Apparu en Europe occidentale il y a environ 350.000 ans, Homo neanderthalensis s'est étendu vers l'est jusqu'à l'Altaï (Russie) et est allé également au Proche-Orient.
Puis il a disparu, il y a environ 35.000 ans. Pas totalement cependant dans la mesure où 1 à 4% de ses gènes se retrouvent chez les Eurasiatiques actuels, Néandertal et l'Homme moderne s'étant reproduits à certains moments de la Préhistoire.
L'exposition "Néandertal", qui ouvre ses portes au public mercredi au musée de l'Homme à Paris, fait le point sur les dernières connaissances scientifiques autour de cette espèce du genre Homo. Mais elle questionne aussi nos représentations de Néandertal depuis le 19e siècle.
Aujourd'hui, l'homme de Néandertal est clairement à la mode. "C'est devenu le top", dit Marylène Patou-Mathis, une des commissaires de l'exposition, peut-être "parce que beaucoup de gens n'aiment pas ce que l'on est devenu".
L'exposition du musée de l'Homme à Paris rassemble plusieurs crânes d'hommes de Néandertal, le 26 mars 2018
/ © AFP/STEPHANE DE SAKUTIN
L'exposition au musée de l'Homme présente quelque 260 objets dont des fossiles originaux qui voyagent très rarement.
Les visiteurs vont ainsi pouvoir découvrir la célèbre calotte crânienne qui a donné son nom à l'espèce. Découverte en 1856 avec d'autres ossements fossiles dans la vallée allemande de Neander, elle avait fait sensation.
"C'était la première fois que l'on mettait en évidence une espèce du genre Homo différente de l'Homo sapiens. Pas facile à admettre dans une époque très religieuse où l'on pensait que l'Homme moderne avait été créé à l'image de Dieu", explique à l'AFP Pascal Depaepe, l'un des commissaires scientifiques de l'exposition. Certains préférèrent alors voir dans le fossile de Neander un Homo sapiens "dégénéré", un "crétin", tandis que d'autres le considèrent comme un "homme-singe".

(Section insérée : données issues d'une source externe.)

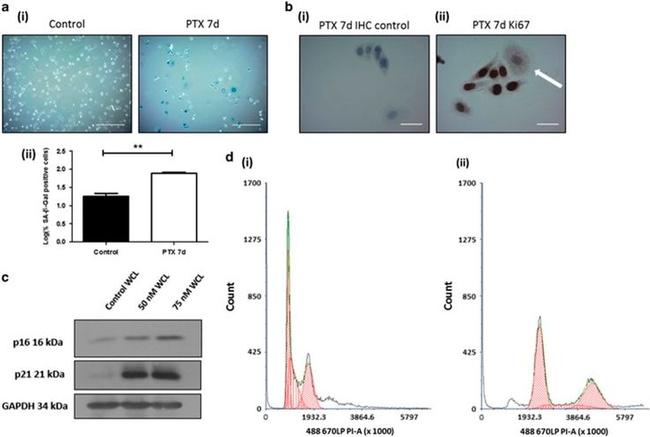 Ki-67 Antibody in Immunohistochemistry (IHC)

Une des commissaires de l'exposition "Néandertal", Marylène Patou-Mathis, pose au Musée de l'Homme à Paris, le 26 mars 2018 / © AFP/STEPHANE DE SAKUTIN
Trois décennies plus tard, en 1886, on découvre les fossiles néandertaliens de la grotte de Spy en Belgique. "Les auteurs des fouilles ont compris qu'il s'agissait d'une sépulture. Et là, problème. Si c'était un être simiesque et brutal, le fait qu'il enterre ses morts lui faisait grimper une marche côté humanité", souligne Pascal Depaepe, de l'Inrap (Institut national de recherches archéologiques préventives).
- 'Artisan hors pair' -
Chasseur-cueilleur nomade, Néandertal n'a pas toujours vécu durant des périodes glaciaires; il a aussi connu des périodes où le climat était tempéré.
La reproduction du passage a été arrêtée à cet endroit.